Tuesday, 12 April 2016

Tea Ticks

Sunday was one of those nice cool spring mornings, met up with Stewart at Warkworth. 
However, His arrival into the car park was one of crunching gravel and skidding tyres.. he had been tracking a male Marsh Harrier from somewhere just south of Alnmouth, I managed to get on the bird and we watched it for a few seconds as it disappeared south over Coquet Estuary.

We exchanged our proper good mornings and headed off towards the north side.
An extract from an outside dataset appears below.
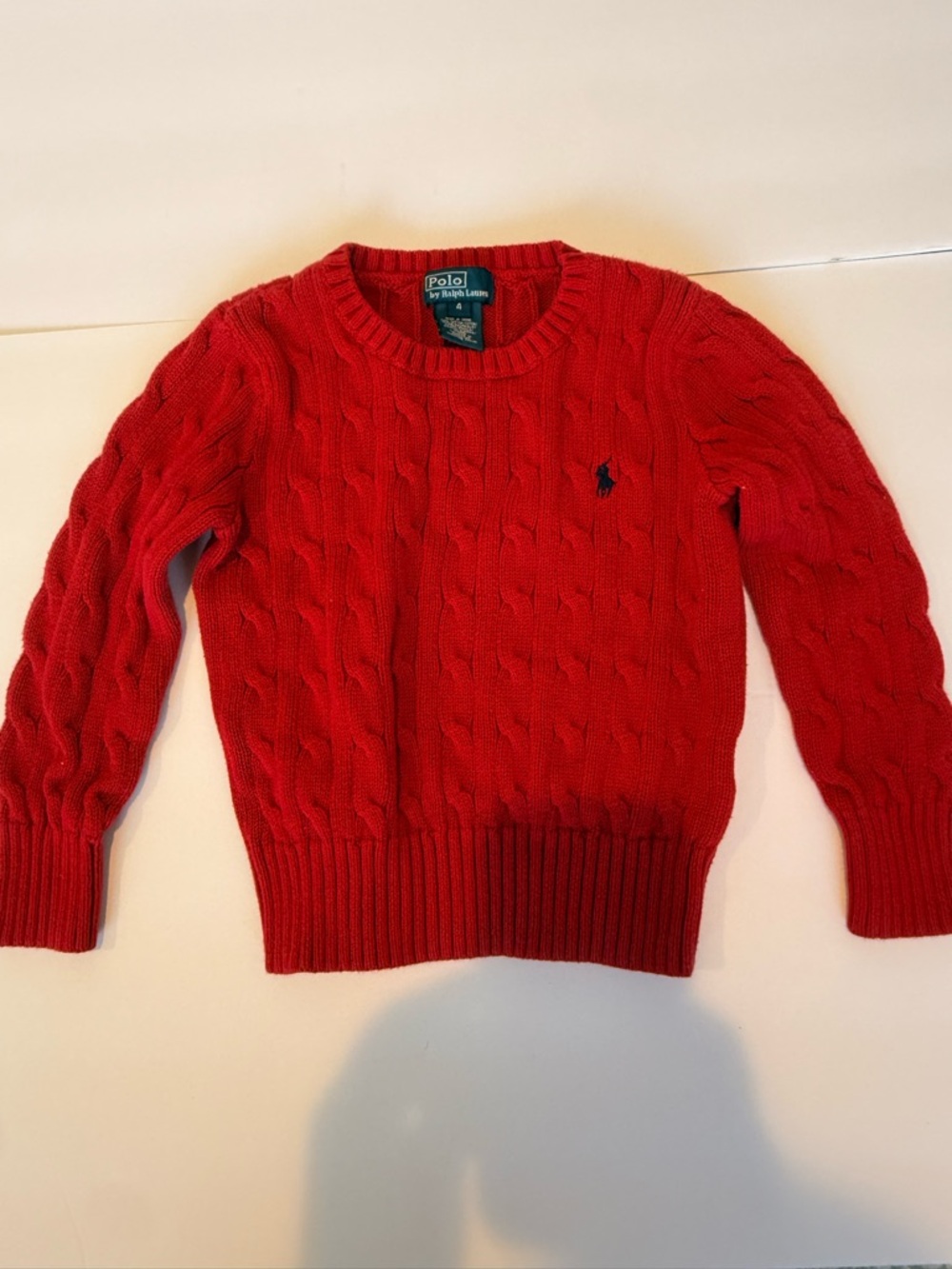 Polo by Ralph Lauren Boys size 4 Bright Red Cable-Knit Crew Sweater - Kids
Old Water Pools, dunes and the main track to the North Pier and back through the dunes. 

It turned out a really good morning for catching up with early common migrants, male Blackcap in the Picnic Site scrub, four fabulous Black Tailed Godwits flew up towards the Old Water as we headed to the estuary, a couple of Sandwich Terns were sat out on the sand bank opposite Amble Harbour and 6+ Sand Martins were buzzing around the pier.
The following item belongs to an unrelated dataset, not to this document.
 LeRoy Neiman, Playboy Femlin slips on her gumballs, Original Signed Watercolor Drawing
As well as the arrivals noted, two Twite were still 'wintering' on the saltmarsh, tame and easily photographed feeding on the high tide debris..


Sandwich Terns

We left Warkworth quite satisfied with a nice collection of migrants and pulled up on the track by Birling poured some tea and just stood around a bit. The thing is, at this time of year even just standing outside can be good, a few small flocks of Pink Footed Geese drifted north, a Greenshank flew overhead calling, the fields around the Birling area and the Golf Course have quite a few shallow pools at the moment and this bird may have lifted from one of those. Chiff Chaff and Goldcrest were obviously moving, following the ditch that runs from the sea and inland along the track hedgerow, it seemed that way anyway, perhaps not.. 

Friday, 8 April 2016


Computer problems stopping posts at the moment, not that I'm prolific at the best of times, new PC on its way so there could be no more posts after this knowing my IT nous.
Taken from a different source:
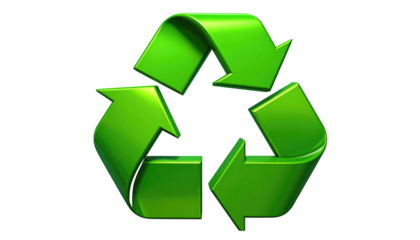 Bright, glossy green recycle symbol with three curved arrows against a stark black backdrop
So.. March has given way to April, summer birds are starting to pass through and arrive in small numbers, it never seems to be very dramatic in north Northumberland just a slow and gradual process. Keeps you looking hard at the patch or wherever you find yourself.
I got to thinking about one early spring species, Chiff Chaff, so much excitement for a week or so and then they just tend to get forgotten about for thew rest of the year, reports here and there of the earliest singing birds and then they are pushed aside by its sweeter more melodic stable mate the Willow Warbler, Sand Martin and coastal Wheatears as spring gathers pace.

A wander down the River Coquet at Warkworth on one of the last days of March we caught up with and enjoyed a singing Chiff Chaff, this one was easy to watch in the leafless branches.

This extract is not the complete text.